The invention is depicted in detail by specific examples in order to provide a better understanding of the technical solution of the invention to those skilled in the art. It should be understood, however, that the detailed description is presented only to provide a better understanding of the invention, and should not be taken to limit the invention. In the description of the present invention, it is to be understood that the terminology used is for the purpose of description only and is not to be interpreted as indicating or implying relative importance.

In order to solve the problems that the low-voltage alternating current collection in the prior art has better comprehensive performance in the aspects of small-capacity and short-distance new energy collection, the direct current collection has more technical advantages in the aspects of large-capacity and long-distance new energy collection, and the high investment cost is caused by adopting a full direct current collection mode for a large-capacity and long-distance new energy station, the invention provides an alternating current-direct current mixed collection direct current serial-connection sending-out main wiring system and a starting method thereof, the new energy station is divided according to the grid-connected distance, the traditional alternating current collection mode is adopted at a relatively short distance, and the technical advantages of the two collection modes can be exerted to the greatest extent by adopting the direct current collection mode at a relatively long distance, and the whole investment is optimal; on the other hand, the two collecting modules are respectively converted into high-voltage direct current with the same voltage level through an alternating-direct converter and a direct-direct converter at the sending-out side, and then power is integrally sent out in a serial connection mode; meanwhile, when one collecting module or the corresponding converter fails, the other collecting and sending system can normally operate. The invention will now be described in more detail by way of example with reference to the accompanying drawings.

Example 1

The embodiment discloses a main wiring system for series connection and sending of mixed direct current and mixed direct current of alternating current and direct current, as shown in fig. 1, comprising: the system comprises an alternating current collection module, a direct current collection module, a mixed direct current collection module and a direct current output module;

The alternating current collection module is used for collecting alternating current signals of the near-area new energy station alternating current system; the alternating current collection module comprises a plurality of alternating current fans of the near-area new energy field station, the alternating current fans are connected in parallel to form an alternating current system, and the voltage is U1 to collect power signals of the alternating current system.

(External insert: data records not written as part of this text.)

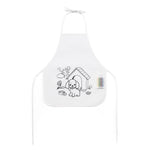 NILO. Children's apron for colouring in non-woven (80 g/m²)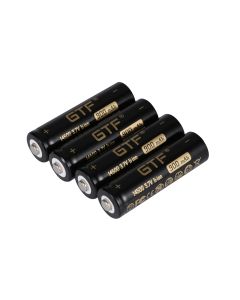 GTF  14500 3.7V 900mAh Li-Ion Rechargeable Battery For Flashlight Remote Control (4pcs)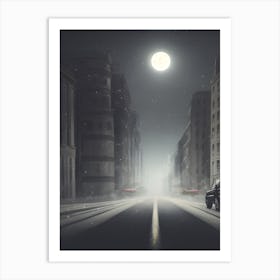 Night In The City Art Print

The direct current collection module is used for collecting direct current signals of a direct current system of the remote-area new energy field station; the direct current collection module comprises a plurality of direct current fans which are connected in series to form a direct current system with the voltage of 2Ua, and power signals of the direct current system are collected.

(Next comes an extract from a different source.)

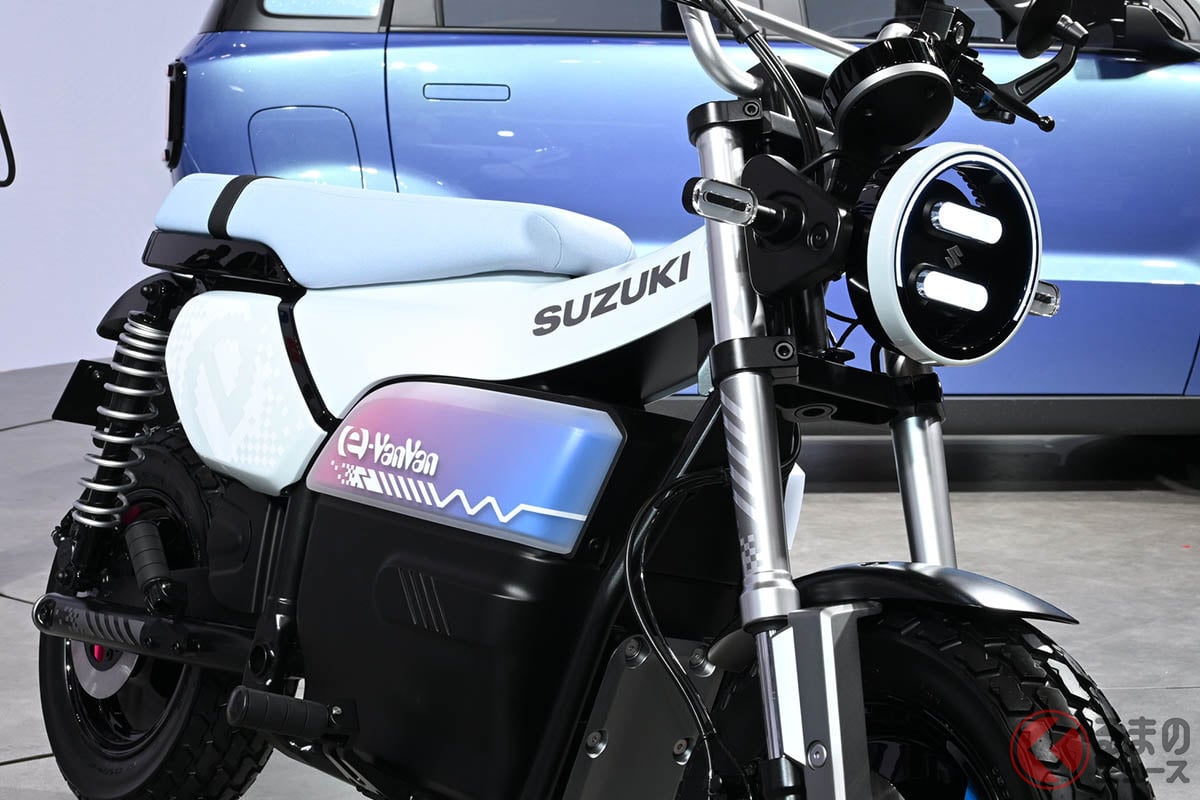 スズキのコンセプトモデル「e-VanVan」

The mixed direct current collection module comprises an alternating current-direct current converter and a direct current-direct current converter, wherein the alternating current-direct current converter is used for converting electric signals of the alternating current collection module, so that power signals of an alternating current system collected by the voltage U1 in the alternating current collection module are converted into direct current signals through the alternating current-direct current converter; the DC-DC converter is used for converting the electric signals of the DC collecting module, so that the power signals of the DC system collected by the voltage of 2Ua in the DC collecting module are converted into DC signals through the DC-DC converter. And the mixed direct current collection module is used for respectively converting the electric signals in the alternating current collection module and the direct current collection module into direct current signals, and collecting the direct current signals in a serial connection mode to form voltage 2Ud.

And the direct current output module is used for outputting the direct current signals collected by the mixed direct current collection module.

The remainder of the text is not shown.